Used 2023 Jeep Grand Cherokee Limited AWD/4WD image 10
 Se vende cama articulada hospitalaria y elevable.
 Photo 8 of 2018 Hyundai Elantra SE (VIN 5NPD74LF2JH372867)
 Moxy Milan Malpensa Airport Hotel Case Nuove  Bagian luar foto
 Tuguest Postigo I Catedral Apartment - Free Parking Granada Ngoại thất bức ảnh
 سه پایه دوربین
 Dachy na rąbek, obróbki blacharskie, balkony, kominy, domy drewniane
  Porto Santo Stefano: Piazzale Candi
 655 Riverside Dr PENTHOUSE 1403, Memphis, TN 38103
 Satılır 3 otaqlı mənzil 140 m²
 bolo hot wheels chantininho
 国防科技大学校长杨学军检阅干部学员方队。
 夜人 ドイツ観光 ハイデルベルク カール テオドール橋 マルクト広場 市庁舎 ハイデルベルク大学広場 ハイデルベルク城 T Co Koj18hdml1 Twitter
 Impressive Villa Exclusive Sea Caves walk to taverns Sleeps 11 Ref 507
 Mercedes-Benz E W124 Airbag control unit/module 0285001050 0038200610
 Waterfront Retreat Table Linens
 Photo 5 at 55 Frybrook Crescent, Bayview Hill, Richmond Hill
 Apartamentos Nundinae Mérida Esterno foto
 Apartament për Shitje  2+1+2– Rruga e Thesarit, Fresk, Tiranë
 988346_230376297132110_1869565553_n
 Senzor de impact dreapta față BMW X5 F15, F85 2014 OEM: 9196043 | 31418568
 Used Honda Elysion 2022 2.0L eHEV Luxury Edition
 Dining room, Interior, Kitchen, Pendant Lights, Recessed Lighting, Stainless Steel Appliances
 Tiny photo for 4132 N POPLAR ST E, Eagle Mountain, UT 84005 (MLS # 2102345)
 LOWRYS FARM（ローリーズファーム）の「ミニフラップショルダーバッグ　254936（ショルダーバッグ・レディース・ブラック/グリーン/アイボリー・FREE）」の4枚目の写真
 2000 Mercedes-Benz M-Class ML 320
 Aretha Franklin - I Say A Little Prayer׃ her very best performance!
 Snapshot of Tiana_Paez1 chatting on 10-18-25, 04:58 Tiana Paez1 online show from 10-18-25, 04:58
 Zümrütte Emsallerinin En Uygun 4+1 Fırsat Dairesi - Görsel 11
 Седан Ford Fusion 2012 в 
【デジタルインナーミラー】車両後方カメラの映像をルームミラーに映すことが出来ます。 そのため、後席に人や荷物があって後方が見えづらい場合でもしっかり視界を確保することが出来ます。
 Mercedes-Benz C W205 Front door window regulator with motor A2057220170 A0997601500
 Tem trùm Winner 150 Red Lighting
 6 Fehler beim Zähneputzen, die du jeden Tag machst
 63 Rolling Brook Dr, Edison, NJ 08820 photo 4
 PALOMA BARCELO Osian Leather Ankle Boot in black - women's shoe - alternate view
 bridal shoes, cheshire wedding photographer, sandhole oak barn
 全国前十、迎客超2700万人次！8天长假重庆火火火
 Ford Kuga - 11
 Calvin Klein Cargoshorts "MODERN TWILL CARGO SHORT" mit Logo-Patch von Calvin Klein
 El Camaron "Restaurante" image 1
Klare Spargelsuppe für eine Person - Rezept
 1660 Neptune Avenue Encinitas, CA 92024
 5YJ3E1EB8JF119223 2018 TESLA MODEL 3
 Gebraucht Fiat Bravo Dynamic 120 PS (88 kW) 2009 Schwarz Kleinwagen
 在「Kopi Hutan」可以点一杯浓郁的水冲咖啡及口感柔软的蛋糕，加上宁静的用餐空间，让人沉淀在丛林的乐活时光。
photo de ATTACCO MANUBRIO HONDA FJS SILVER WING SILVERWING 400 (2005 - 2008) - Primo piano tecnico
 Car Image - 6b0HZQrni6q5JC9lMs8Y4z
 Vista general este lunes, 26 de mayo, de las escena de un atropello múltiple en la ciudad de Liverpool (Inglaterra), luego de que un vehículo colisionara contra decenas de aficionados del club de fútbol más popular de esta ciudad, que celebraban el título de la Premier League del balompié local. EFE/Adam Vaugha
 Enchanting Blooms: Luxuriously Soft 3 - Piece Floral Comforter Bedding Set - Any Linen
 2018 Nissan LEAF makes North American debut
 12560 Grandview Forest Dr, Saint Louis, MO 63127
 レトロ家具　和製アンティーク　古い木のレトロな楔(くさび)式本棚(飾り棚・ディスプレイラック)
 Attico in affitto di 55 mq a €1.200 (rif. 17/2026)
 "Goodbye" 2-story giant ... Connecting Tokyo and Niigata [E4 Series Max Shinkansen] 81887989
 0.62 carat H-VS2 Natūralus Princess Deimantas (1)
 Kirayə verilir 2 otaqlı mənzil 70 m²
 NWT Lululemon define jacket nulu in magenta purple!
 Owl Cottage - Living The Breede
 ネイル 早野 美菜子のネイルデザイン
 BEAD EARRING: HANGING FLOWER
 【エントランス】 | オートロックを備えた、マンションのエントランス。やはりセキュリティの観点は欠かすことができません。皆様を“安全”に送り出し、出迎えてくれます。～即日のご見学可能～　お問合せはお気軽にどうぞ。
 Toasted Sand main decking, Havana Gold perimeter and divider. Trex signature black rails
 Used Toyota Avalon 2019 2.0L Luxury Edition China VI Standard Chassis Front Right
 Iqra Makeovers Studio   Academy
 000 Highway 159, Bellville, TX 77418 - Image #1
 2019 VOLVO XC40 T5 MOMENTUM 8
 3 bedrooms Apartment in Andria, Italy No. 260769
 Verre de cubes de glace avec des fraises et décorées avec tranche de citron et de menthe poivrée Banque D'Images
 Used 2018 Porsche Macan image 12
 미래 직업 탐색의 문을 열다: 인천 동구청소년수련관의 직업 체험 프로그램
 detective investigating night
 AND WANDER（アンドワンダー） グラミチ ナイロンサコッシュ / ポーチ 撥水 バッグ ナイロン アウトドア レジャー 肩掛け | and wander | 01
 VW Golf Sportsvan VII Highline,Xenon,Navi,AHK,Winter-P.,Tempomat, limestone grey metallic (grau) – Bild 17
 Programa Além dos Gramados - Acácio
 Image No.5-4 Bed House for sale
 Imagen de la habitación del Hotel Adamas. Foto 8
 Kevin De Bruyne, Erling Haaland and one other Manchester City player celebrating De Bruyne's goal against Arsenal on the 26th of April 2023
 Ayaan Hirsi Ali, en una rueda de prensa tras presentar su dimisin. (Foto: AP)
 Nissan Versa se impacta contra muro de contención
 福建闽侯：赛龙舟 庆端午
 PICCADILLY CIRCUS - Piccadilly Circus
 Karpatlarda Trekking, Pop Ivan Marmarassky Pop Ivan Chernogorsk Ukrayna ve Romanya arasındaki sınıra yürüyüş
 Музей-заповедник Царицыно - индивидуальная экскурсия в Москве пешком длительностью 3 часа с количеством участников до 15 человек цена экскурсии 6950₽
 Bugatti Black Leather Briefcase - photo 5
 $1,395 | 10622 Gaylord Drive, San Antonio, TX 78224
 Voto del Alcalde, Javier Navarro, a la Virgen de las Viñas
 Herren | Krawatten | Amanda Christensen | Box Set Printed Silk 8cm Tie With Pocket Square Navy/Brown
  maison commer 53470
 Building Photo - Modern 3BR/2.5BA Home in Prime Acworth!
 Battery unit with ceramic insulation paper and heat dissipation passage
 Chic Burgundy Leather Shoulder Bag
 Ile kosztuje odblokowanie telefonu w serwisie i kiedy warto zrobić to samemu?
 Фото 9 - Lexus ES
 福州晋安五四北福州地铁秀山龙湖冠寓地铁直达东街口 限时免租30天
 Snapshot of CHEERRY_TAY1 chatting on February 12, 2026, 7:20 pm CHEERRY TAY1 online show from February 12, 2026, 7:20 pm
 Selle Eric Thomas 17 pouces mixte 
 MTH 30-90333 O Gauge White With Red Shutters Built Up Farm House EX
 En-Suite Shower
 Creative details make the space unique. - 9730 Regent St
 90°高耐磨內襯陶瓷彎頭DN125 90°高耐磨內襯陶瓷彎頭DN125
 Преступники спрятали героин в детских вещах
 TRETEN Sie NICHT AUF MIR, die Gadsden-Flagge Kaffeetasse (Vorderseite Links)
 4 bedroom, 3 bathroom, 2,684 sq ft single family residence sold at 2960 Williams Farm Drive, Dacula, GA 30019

◇ ◇ ◇ ◇ ◇ ◇ ◇

Instructions for the task => Retype the lines beginning at the one containing "Creative details make" and ending at the final line of the material, both included.

Task output =>
 Creative details make the space unique. - 9730 Regent St
 90°高耐磨內襯陶瓷彎頭DN125 90°高耐磨內襯陶瓷彎頭DN125
 Преступники спрятали героин в детских вещах
 TRETEN Sie NICHT AUF MIR, die Gadsden-Flagge Kaffeetasse (Vorderseite Links)
 4 bedroom, 3 bathroom, 2,684 sq ft single family residence sold at 2960 Williams Farm Drive, Dacula, GA 30019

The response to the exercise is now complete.